[Start of section]

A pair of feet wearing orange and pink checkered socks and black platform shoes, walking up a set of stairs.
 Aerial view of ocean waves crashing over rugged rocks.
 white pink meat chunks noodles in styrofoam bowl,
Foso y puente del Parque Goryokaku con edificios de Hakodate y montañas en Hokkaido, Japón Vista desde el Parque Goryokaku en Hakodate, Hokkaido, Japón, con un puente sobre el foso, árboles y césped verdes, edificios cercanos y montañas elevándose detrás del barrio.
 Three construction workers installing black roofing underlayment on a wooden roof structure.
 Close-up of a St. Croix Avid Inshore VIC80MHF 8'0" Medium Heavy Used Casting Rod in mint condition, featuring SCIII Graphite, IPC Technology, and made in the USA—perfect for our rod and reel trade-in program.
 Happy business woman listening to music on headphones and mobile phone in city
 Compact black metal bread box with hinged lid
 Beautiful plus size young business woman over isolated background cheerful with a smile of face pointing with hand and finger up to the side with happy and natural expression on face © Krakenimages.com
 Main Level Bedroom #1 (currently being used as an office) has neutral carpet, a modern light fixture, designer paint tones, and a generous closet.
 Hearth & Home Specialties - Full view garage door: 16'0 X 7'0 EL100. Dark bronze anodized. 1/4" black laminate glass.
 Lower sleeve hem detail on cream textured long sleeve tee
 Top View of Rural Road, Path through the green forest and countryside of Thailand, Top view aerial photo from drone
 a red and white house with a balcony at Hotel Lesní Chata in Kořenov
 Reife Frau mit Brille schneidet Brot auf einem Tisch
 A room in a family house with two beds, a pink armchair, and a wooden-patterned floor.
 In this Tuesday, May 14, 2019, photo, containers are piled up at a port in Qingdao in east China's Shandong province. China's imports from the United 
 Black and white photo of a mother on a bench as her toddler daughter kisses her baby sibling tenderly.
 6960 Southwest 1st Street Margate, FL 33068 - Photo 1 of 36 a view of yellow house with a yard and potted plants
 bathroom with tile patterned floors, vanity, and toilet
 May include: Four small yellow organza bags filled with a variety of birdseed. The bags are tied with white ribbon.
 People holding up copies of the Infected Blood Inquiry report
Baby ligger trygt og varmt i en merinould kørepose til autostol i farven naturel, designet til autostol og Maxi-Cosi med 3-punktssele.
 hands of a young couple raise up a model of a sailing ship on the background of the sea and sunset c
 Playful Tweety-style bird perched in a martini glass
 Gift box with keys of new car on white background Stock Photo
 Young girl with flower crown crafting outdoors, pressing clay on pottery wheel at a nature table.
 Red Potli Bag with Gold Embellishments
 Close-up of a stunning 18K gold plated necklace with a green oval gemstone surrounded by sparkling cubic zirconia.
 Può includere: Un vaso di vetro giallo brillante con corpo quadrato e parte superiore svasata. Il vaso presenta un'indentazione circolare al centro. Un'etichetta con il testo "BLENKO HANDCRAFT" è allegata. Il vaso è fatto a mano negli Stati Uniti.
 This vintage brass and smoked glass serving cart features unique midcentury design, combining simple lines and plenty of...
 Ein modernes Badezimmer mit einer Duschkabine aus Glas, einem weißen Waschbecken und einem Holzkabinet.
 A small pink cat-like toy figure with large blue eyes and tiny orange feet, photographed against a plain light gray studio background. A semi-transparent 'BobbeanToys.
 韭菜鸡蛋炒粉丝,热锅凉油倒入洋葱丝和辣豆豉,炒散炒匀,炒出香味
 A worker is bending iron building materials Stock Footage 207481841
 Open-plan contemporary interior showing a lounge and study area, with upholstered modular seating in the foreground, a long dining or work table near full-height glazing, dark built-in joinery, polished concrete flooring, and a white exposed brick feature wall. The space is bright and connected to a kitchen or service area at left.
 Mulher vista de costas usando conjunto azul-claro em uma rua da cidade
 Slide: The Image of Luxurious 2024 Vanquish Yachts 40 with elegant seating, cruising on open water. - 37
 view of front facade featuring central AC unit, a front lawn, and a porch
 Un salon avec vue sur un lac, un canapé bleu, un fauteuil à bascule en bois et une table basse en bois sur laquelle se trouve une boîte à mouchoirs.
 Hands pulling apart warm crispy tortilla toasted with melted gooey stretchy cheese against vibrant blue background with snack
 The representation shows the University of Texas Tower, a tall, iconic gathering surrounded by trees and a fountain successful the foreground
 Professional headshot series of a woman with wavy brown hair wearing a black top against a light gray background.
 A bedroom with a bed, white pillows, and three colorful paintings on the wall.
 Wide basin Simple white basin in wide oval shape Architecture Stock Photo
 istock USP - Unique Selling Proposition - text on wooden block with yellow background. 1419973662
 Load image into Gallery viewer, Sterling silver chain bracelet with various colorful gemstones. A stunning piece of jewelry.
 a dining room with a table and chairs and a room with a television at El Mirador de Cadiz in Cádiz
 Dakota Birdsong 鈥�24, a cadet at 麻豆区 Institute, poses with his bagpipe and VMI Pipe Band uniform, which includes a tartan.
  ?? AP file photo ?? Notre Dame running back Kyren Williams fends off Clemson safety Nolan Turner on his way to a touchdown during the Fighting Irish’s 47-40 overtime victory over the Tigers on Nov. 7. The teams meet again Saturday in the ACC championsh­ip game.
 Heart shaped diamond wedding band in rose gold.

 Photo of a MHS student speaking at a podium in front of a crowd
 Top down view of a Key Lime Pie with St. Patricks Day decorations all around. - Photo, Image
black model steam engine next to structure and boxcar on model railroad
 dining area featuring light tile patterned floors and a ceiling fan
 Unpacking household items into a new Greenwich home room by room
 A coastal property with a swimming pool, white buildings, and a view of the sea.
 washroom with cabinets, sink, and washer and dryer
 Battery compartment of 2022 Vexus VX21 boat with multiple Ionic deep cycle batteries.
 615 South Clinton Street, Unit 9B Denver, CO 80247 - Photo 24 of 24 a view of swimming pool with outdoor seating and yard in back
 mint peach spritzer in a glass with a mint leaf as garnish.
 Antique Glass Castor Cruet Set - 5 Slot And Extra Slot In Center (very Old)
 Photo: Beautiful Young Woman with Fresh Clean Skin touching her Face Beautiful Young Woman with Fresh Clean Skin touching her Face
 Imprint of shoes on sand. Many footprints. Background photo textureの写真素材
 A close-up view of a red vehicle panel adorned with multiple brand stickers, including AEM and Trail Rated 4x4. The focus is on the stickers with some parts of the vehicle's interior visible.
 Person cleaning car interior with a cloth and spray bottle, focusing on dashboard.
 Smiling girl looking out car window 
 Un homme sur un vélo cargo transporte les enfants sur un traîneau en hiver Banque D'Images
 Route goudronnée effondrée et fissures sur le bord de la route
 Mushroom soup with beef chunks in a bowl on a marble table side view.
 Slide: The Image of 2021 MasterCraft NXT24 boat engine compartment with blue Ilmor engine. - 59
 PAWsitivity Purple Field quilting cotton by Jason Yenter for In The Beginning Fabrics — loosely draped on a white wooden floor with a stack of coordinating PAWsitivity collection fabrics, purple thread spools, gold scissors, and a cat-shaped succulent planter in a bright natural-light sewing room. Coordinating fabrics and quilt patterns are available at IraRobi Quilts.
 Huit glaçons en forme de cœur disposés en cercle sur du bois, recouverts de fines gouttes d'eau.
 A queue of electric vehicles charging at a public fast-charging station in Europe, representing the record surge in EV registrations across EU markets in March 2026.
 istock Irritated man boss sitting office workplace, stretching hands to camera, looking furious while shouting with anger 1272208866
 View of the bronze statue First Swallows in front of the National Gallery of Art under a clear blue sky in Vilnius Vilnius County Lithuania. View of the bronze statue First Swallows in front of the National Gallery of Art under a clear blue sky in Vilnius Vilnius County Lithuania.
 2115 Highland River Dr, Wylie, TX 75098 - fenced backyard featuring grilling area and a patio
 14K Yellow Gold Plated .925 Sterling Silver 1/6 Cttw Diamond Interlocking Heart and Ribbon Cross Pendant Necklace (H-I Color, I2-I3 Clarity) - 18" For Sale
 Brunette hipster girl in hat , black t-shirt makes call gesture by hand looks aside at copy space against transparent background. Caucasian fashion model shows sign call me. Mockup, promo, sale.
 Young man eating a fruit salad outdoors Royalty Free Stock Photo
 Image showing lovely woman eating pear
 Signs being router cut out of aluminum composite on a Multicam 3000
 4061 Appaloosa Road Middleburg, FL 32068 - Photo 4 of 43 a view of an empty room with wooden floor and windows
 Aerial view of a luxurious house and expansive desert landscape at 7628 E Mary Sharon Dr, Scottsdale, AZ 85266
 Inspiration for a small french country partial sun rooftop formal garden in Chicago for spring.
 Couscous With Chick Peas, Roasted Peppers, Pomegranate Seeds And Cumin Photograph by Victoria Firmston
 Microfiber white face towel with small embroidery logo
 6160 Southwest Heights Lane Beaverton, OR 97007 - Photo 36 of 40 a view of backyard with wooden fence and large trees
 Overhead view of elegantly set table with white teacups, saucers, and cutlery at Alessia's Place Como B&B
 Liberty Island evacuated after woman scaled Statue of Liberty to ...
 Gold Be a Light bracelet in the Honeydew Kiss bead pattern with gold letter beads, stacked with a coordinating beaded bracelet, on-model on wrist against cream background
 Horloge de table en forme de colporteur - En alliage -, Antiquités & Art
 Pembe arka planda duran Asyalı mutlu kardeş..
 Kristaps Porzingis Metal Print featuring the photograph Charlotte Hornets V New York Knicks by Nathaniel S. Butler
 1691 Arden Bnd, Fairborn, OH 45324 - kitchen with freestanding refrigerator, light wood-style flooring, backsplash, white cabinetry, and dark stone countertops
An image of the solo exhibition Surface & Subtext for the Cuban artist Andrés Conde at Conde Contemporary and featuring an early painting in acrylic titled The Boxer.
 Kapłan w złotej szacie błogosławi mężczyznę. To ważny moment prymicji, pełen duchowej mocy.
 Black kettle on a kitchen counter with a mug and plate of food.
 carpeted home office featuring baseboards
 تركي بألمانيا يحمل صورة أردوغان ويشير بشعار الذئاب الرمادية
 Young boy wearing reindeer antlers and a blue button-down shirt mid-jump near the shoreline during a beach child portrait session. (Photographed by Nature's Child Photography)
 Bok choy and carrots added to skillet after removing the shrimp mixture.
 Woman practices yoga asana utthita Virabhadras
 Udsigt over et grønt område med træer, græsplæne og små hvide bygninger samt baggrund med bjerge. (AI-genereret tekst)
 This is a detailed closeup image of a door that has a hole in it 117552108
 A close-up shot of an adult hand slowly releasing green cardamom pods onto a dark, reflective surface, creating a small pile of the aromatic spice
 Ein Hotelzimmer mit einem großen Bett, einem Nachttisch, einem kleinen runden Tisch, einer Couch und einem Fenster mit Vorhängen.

[End of section]

Of the entries above, repeat exactly the lines from the line with "A worker is" through the line with "Professional headshot series", both of them included.

[Result for this task]
 A worker is bending iron building materials Stock Footage 207481841
 Open-plan contemporary interior showing a lounge and study area, with upholstered modular seating in the foreground, a long dining or work table near full-height glazing, dark built-in joinery, polished concrete flooring, and a white exposed brick feature wall. The space is bright and connected to a kitchen or service area at left.
 Mulher vista de costas usando conjunto azul-claro em uma rua da cidade
 Slide: The Image of Luxurious 2024 Vanquish Yachts 40 with elegant seating, cruising on open water. - 37
 view of front facade featuring central AC unit, a front lawn, and a porch
 Un salon avec vue sur un lac, un canapé bleu, un fauteuil à bascule en bois et une table basse en bois sur laquelle se trouve une boîte à mouchoirs.
 Hands pulling apart warm crispy tortilla toasted with melted gooey stretchy cheese against vibrant blue background with snack
 The representation shows the University of Texas Tower, a tall, iconic gathering surrounded by trees and a fountain successful the foreground
 Professional headshot series of a woman with wavy brown hair wearing a black top against a light gray background.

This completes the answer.